我々は立地予定の一角を取り巻く状況を理解することから始めた。三階以上の建物が建ち並ぶ中、構内でも唯一樹木が生い茂る場所である敷地において、出来る限り、その緑を残しながら建物全体にガラスを纏わせ、「ウチ」「ソト」の境界を曖昧にする。更に建物の外周をデッキで繋げ、ウチとソトで「緑に囲まれながら飲食を楽しむ」アクティビティに富んだ施設を目指した。
”ゆるやかな建築“
今回のプロジェクトで特に重要と考えた事は、建物のフォルムとプロポーションである。元来、学ぶ事と規律を重視する事が学校教育の一環としてあり、校舎建築もそれに習い威厳的で緊張感のある建物が推奨されて来た。これまでの学校建築で見られてきた威厳的で直線的な建物のフォルムでは無く、緩やかに風が流れるような曲線的な柔らかな線を描くルーフ/庇を強調させ、威厳さや緊張感では無く「ゆるさを見せる建築」を追求した。
沖縄はよく「緩さの文化」或いは「優しさの文化」と言われる。城跡をみても県外の直線的で威厳的な城郭では無く、曲線を描き緊張感の中にゆるさを見せる城郭が殆どであり、それこそがウチナーの人達がゆるさを大切にしてきたアイデンティティであり文化であると考える。ドイツの建築家で知られるシュペーアは「国民や文化から建築は生まれてくるものである」と言った。風が流れるようなフォルムで沖縄の人達の心の奥底にある「ゆるさや優しさ」の文化を建物で表現したいと考えた。

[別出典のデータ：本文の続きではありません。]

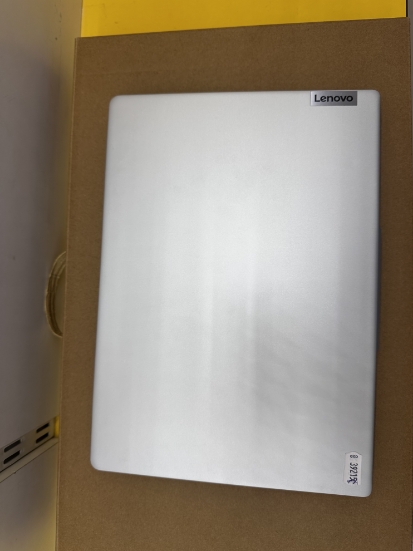 Imagine Lenovo IdeaPad Slim 5 i5 12450H, 16 GB RAM, SSD 1 TB, intel UHD Graphics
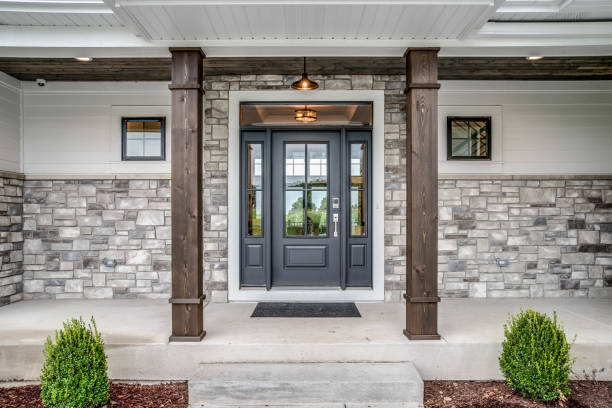 istock Front porch with matching brown columns 1272163967
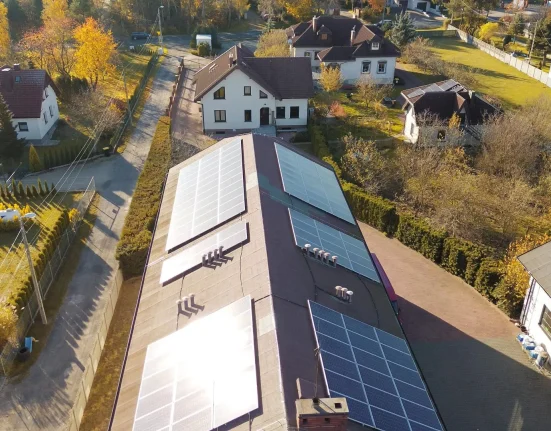 Un propriétaire partage son expérience frustrante avec les panneaux solaires : 'Une leçon à tirer'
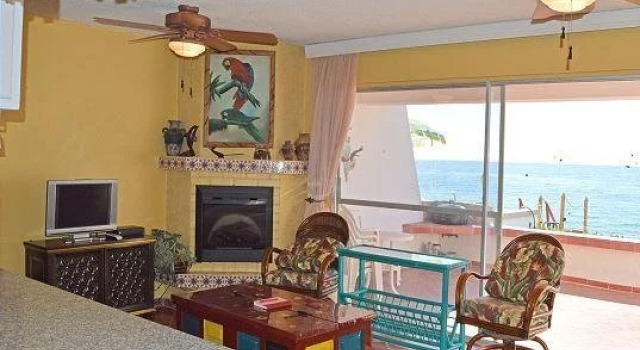Las Olas Beachfront Townhome 603 by RedAwning, Book Hotel Puerto Penasco Sonora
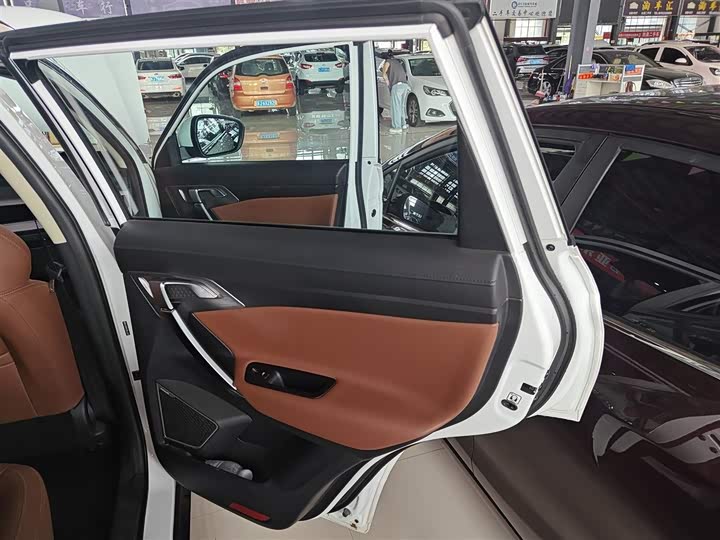 Фото 27 - Geely Atlas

「ゆるさや優しさの文化」の精神性に着想を得、ゆるやかにうねるルーフ/庇と直線的なスキン/外壁でプロポーションが決定され、それに基づくプラン構成で様々な機能が結び合わせられた学生会館が出来たと考えている。
連続する居場所
存在感と軽快さを持ち合わせるよう平面は周囲の緑に添うような形態で、細長く湾曲した意匠計画とした。外壁部はガラスの映り込みによる緑の増幅、道路側には街中との連続を生む事で周囲との協調性と連続性をつくり出し、「今=状態」という時間の中で学生が新たな居場所でコミュニティーを生む事のできる施設を目指した。